Exercise data:
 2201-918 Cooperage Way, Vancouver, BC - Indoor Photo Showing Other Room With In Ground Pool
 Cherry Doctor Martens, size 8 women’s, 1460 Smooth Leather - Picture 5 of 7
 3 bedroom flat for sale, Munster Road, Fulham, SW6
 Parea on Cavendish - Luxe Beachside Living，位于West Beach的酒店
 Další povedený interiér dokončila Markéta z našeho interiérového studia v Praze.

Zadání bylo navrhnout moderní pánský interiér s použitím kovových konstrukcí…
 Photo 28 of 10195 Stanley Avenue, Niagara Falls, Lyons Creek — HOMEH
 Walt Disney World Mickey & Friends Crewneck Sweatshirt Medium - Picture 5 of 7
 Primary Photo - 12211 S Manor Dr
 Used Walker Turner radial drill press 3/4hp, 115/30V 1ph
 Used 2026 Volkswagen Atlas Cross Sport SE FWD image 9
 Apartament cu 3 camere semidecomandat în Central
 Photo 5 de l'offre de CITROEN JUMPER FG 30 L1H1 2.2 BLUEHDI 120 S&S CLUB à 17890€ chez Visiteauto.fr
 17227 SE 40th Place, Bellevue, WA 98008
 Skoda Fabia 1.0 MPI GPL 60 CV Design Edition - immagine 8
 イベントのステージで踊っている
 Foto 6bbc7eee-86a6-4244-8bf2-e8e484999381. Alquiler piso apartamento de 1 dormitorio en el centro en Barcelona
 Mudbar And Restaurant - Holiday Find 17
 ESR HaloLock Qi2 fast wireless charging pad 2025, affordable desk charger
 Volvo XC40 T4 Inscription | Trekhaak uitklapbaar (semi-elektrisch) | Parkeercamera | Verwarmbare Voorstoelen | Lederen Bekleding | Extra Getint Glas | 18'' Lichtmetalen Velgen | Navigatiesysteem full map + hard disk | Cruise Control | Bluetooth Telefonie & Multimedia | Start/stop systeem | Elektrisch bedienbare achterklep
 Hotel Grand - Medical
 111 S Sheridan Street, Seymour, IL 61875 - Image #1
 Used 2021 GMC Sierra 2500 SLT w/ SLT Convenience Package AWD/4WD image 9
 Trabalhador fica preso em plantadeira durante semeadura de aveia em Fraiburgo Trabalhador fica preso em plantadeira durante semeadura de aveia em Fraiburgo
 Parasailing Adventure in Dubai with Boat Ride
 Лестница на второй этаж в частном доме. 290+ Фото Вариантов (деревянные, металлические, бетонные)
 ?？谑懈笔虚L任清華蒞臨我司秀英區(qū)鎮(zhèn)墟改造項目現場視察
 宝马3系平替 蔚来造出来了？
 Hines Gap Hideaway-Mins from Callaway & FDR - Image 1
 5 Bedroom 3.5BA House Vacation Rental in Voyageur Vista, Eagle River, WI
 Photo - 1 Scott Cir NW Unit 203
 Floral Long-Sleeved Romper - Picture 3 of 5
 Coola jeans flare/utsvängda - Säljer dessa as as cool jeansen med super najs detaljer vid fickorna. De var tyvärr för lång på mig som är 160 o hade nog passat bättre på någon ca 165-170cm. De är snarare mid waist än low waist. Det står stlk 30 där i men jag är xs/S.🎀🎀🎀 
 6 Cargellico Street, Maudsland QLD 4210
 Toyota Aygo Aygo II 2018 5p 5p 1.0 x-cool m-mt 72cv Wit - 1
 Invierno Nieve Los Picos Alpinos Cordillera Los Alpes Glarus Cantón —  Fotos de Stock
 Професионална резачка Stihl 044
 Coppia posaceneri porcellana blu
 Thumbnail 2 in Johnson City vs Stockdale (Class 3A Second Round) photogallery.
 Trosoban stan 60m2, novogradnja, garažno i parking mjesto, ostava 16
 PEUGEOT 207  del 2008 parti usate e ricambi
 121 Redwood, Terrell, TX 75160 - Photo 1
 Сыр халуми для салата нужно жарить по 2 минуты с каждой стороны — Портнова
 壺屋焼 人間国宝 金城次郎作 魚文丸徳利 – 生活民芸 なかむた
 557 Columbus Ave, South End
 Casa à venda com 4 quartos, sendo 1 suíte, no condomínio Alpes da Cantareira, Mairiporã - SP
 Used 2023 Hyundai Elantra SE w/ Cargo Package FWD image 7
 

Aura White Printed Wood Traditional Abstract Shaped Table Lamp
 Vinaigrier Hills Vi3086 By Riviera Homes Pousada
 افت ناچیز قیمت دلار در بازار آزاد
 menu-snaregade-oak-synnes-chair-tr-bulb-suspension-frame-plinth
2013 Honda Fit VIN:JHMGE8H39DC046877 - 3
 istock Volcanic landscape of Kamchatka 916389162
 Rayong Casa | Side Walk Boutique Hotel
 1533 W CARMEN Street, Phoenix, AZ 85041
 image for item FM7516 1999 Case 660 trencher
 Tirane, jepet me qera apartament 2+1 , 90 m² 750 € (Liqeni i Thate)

Directions: The full listing needs to be output again, exactly as it reads.

Task answer:
 2201-918 Cooperage Way, Vancouver, BC - Indoor Photo Showing Other Room With In Ground Pool
 Cherry Doctor Martens, size 8 women’s, 1460 Smooth Leather - Picture 5 of 7
 3 bedroom flat for sale, Munster Road, Fulham, SW6
 Parea on Cavendish - Luxe Beachside Living，位于West Beach的酒店
 Další povedený interiér dokončila Markéta z našeho interiérového studia v Praze.

Zadání bylo navrhnout moderní pánský interiér s použitím kovových konstrukcí…
 Photo 28 of 10195 Stanley Avenue, Niagara Falls, Lyons Creek — HOMEH
 Walt Disney World Mickey & Friends Crewneck Sweatshirt Medium - Picture 5 of 7
 Primary Photo - 12211 S Manor Dr
 Used Walker Turner radial drill press 3/4hp, 115/30V 1ph
 Used 2026 Volkswagen Atlas Cross Sport SE FWD image 9
 Apartament cu 3 camere semidecomandat în Central
 Photo 5 de l'offre de CITROEN JUMPER FG 30 L1H1 2.2 BLUEHDI 120 S&S CLUB à 17890€ chez Visiteauto.fr
 17227 SE 40th Place, Bellevue, WA 98008
 Skoda Fabia 1.0 MPI GPL 60 CV Design Edition - immagine 8
 イベントのステージで踊っている
 Foto 6bbc7eee-86a6-4244-8bf2-e8e484999381. Alquiler piso apartamento de 1 dormitorio en el centro en Barcelona
 Mudbar And Restaurant - Holiday Find 17
 ESR HaloLock Qi2 fast wireless charging pad 2025, affordable desk charger
 Volvo XC40 T4 Inscription | Trekhaak uitklapbaar (semi-elektrisch) | Parkeercamera | Verwarmbare Voorstoelen | Lederen Bekleding | Extra Getint Glas | 18'' Lichtmetalen Velgen | Navigatiesysteem full map + hard disk | Cruise Control | Bluetooth Telefonie & Multimedia | Start/stop systeem | Elektrisch bedienbare achterklep
 Hotel Grand - Medical
 111 S Sheridan Street, Seymour, IL 61875 - Image #1
 Used 2021 GMC Sierra 2500 SLT w/ SLT Convenience Package AWD/4WD image 9
 Trabalhador fica preso em plantadeira durante semeadura de aveia em Fraiburgo Trabalhador fica preso em plantadeira durante semeadura de aveia em Fraiburgo
 Parasailing Adventure in Dubai with Boat Ride
 Лестница на второй этаж в частном доме. 290+ Фото Вариантов (деревянные, металлические, бетонные)
 ?？谑懈笔虚L任清華蒞臨我司秀英區(qū)鎮(zhèn)墟改造項目現場視察
 宝马3系平替 蔚来造出来了？
 Hines Gap Hideaway-Mins from Callaway & FDR - Image 1
 5 Bedroom 3.5BA House Vacation Rental in Voyageur Vista, Eagle River, WI
 Photo - 1 Scott Cir NW Unit 203
 Floral Long-Sleeved Romper - Picture 3 of 5
 Coola jeans flare/utsvängda - Säljer dessa as as cool jeansen med super najs detaljer vid fickorna. De var tyvärr för lång på mig som är 160 o hade nog passat bättre på någon ca 165-170cm. De är snarare mid waist än low waist. Det står stlk 30 där i men jag är xs/S.🎀🎀🎀 
 6 Cargellico Street, Maudsland QLD 4210
 Toyota Aygo Aygo II 2018 5p 5p 1.0 x-cool m-mt 72cv Wit - 1
 Invierno Nieve Los Picos Alpinos Cordillera Los Alpes Glarus Cantón —  Fotos de Stock
 Професионална резачка Stihl 044
 Coppia posaceneri porcellana blu
 Thumbnail 2 in Johnson City vs Stockdale (Class 3A Second Round) photogallery.
 Trosoban stan 60m2, novogradnja, garažno i parking mjesto, ostava 16
 PEUGEOT 207  del 2008 parti usate e ricambi
 121 Redwood, Terrell, TX 75160 - Photo 1
 Сыр халуми для салата нужно жарить по 2 минуты с каждой стороны — Портнова
 壺屋焼 人間国宝 金城次郎作 魚文丸徳利 – 生活民芸 なかむた
 557 Columbus Ave, South End
 Casa à venda com 4 quartos, sendo 1 suíte, no condomínio Alpes da Cantareira, Mairiporã - SP
 Used 2023 Hyundai Elantra SE w/ Cargo Package FWD image 7
 

Aura White Printed Wood Traditional Abstract Shaped Table Lamp
 Vinaigrier Hills Vi3086 By Riviera Homes Pousada
 افت ناچیز قیمت دلار در بازار آزاد
 menu-snaregade-oak-synnes-chair-tr-bulb-suspension-frame-plinth
2013 Honda Fit VIN:JHMGE8H39DC046877 - 3
 istock Volcanic landscape of Kamchatka 916389162
 Rayong Casa | Side Walk Boutique Hotel
 1533 W CARMEN Street, Phoenix, AZ 85041
 image for item FM7516 1999 Case 660 trencher
 Tirane, jepet me qera apartament 2+1 , 90 m² 750 € (Liqeni i Thate)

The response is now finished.